** WORKING DATA **
*** Block opens ***
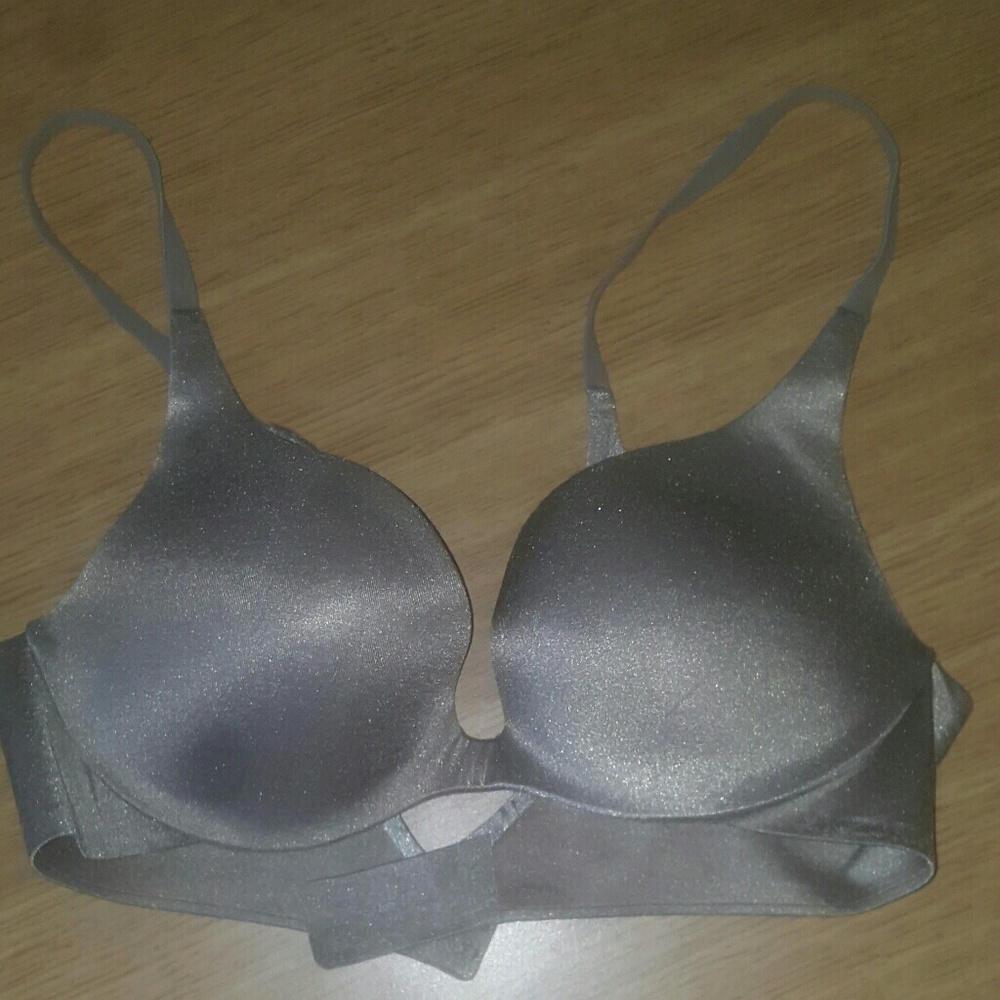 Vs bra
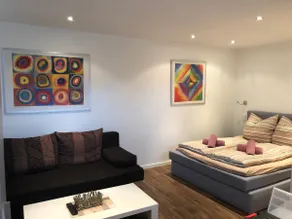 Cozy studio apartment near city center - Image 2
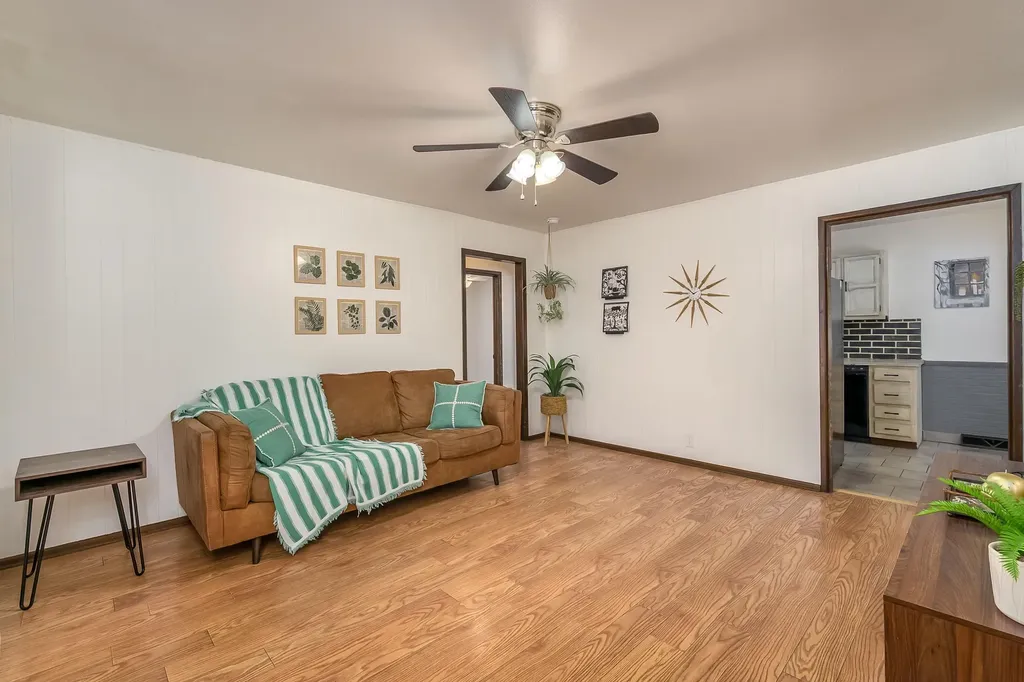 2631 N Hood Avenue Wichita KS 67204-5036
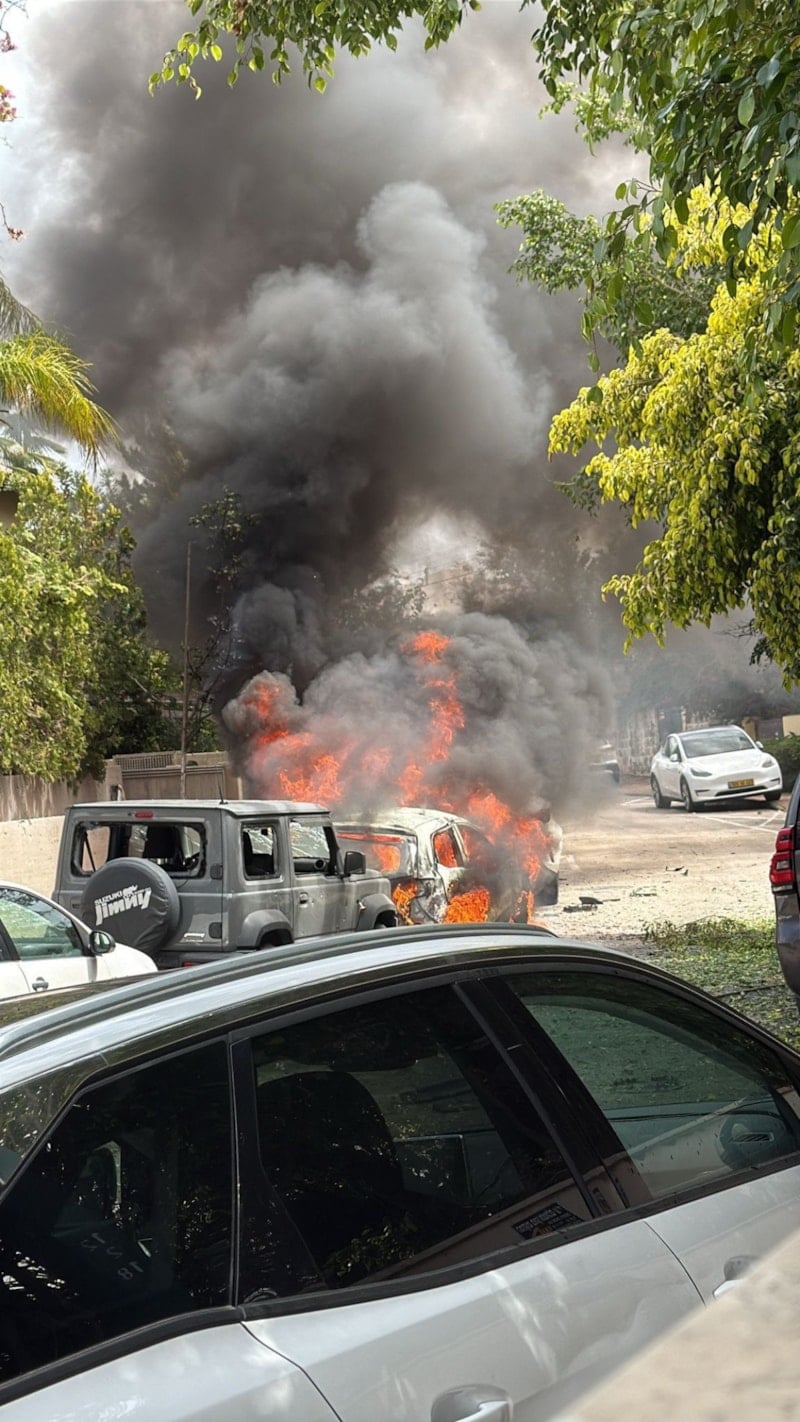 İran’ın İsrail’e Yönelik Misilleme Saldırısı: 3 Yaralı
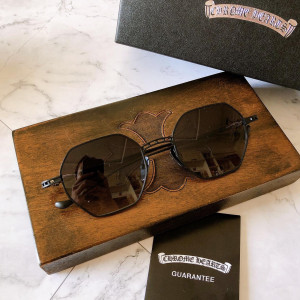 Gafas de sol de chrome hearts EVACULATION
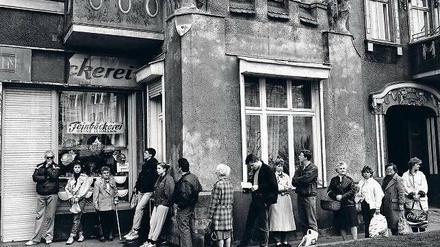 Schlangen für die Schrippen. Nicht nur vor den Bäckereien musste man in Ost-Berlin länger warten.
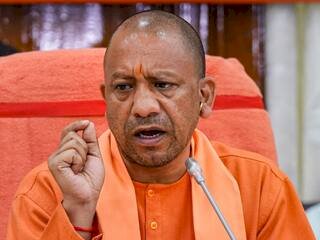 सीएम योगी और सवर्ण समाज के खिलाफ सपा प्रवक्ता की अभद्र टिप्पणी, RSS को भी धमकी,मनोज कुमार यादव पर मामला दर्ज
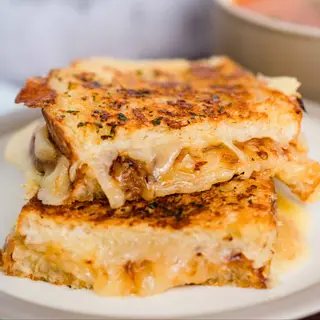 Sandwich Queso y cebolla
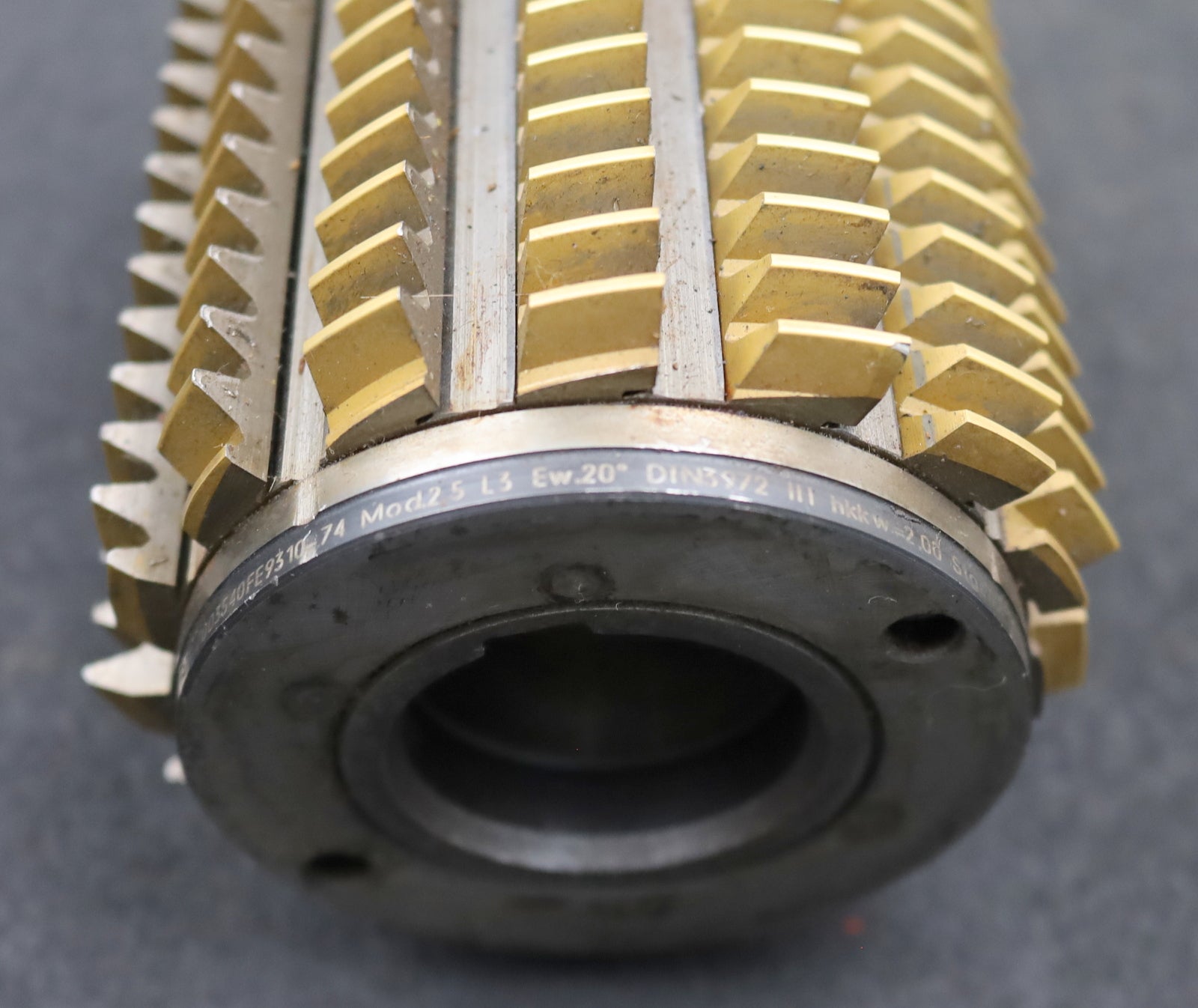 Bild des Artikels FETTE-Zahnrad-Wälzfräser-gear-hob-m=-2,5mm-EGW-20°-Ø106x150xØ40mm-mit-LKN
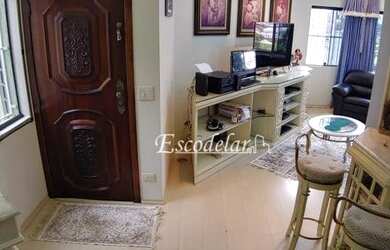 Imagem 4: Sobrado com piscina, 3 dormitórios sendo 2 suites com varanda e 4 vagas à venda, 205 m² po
*** Block closes ***
** TASK TO CARRY OUT **
A word-for-word copy of the entries above is what is needed, without any images.

** RESULT **
 Vs bra
 Cozy studio apartment near city center - Image 2
 2631 N Hood Avenue Wichita KS 67204-5036
 İran’ın İsrail’e Yönelik Misilleme Saldırısı: 3 Yaralı
 Gafas de sol de chrome hearts EVACULATION
 Schlangen für die Schrippen. Nicht nur vor den Bäckereien musste man in Ost-Berlin länger warten.
 सीएम योगी और सवर्ण समाज के खिलाफ सपा प्रवक्ता की अभद्र टिप्पणी, RSS को भी धमकी,मनोज कुमार यादव पर मामला दर्ज
 Sandwich Queso y cebolla
 Bild des Artikels FETTE-Zahnrad-Wälzfräser-gear-hob-m=-2,5mm-EGW-20°-Ø106x150xØ40mm-mit-LKN
 Imagem 4: Sobrado com piscina, 3 dormitórios sendo 2 suites com varanda e 4 vagas à venda, 205 m² po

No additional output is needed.